Oasis (2024)

Chile em chamas

título original (ano)
Oasis (2024)
país
Chile
linguagem
Documentário
duração
80 minutos
direção
Tamara Uribe, Felipe Morgado
visto em
74º Festival de Cinema de Berlim (2024)

“No meio desta América Latina convulsionada vemos o Chile, nosso país, um verdadeiro oásis, com uma democracia estável”. A frase foi proferida por Sebastián Piñera, ex-presidente do Chile, em 2019. Na época, ele aproveitou para desqualificar todos os países ao redor: “Argentina e Paraguai estão em recessão, o México e o Brasil, estagnados, a Bolívia e o Peru, em grande crise política. E a Colômbia, com o ressurgimento das FARCs e das guerrilhas”.

Esta autoilusão constitui o ponto de partida do documentário chileno, que decide investigar o “oásis” mencionado pelo governante. Os anos seguintes, como se sabe, trouxeram ao país sua cota de crises. O povo tomou as ruas contra as medidas da direita numa extensa série de protestos, que levaram à exigência de uma nova constituição e, em seguida, à eleição de uma proposta de esquerda. O filme se dedica a analisar estes anos de transformação social, política e econômica.

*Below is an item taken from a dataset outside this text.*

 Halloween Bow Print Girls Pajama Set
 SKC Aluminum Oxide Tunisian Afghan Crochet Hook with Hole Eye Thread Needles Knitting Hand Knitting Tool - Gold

Talvez fosse conveniente aos diretores Tamara Uribe e Felipe Morgado apenas constatar os fatos, listando-os em ordem cronológica, de modo a explicar ao público tudo o que ocorreu. Haveria um viés político evidente, é claro, mas a impressão de uma “objetividade” ou da representação da realidade “como ela é” serviriam ao propósito de uma exposição didática dos conflitos nacionais. Felizmente, os autores apresentam pretensões de linguagem e discurso muito mais ambiciosas.

É impressionante o quanto uma obra consegue expressar, em termos de discurso político, pelas simples aproximações via montagem, ou pela escolha de ângulos e duração dos planos.

Em primeiro lugar, partem de um conceito estético rígido, capaz de conferir coesão à pluralidade de temas e acontecimentos. A dupla adota a premissa de “uma cena, um plano”. Isso significa que a câmera se encontra sempre parada, observando um espaço (a rua, a Câmara dos Deputados, o comitê de algum partido), aguardando atentamente até o conflito se produzir à sua frente. Para além de um “filme de observação”, pode-se falar numa obra de espera e escuta. Imagina-se que os autores tenham captado inúmeras horas de material até reunirem estas pérolas.

Em seguida, evita ferramentas pedagógicas para situar o espectador. Não existem entrevistas, letreiros durante a narrativa, dados, nem narração em off. Caberá ao público tirar as conclusões a respeito do posicionamento progressista dos autores. Eles escancaram os absurdos de um processo de transformação acelerada, marcado pelas derivas da desinformação, das fake news e do mundo de espetáculo propício às redes sociais. Ao invés de defender um lado contra o outro, o longa-metragem prefere apontar falhas de um sistema maior do que os partidos envolvidos.

Por isso, Oasis abraça o humor decorrente do incômodo e dos absurdos. Em plena audiência, um deputado saca o violão e começa a entoar uma composição própria, repleta de piadas consigo e com os outros. Outra dorme com os pés sobre a cadeira ao lado. As faxineiras encontram a maconha deixada por alguém nas bancadas. Um repórter solicita a perspectiva política da Sra. Pikachu, uma ativista conhecida por vestir a máscara do Pokémon. Nas ruas, um ativista com seu megafone grita que a nova constituição permitirá à ONU e outras instituições raptarem a sua criança para torná-la homossexual.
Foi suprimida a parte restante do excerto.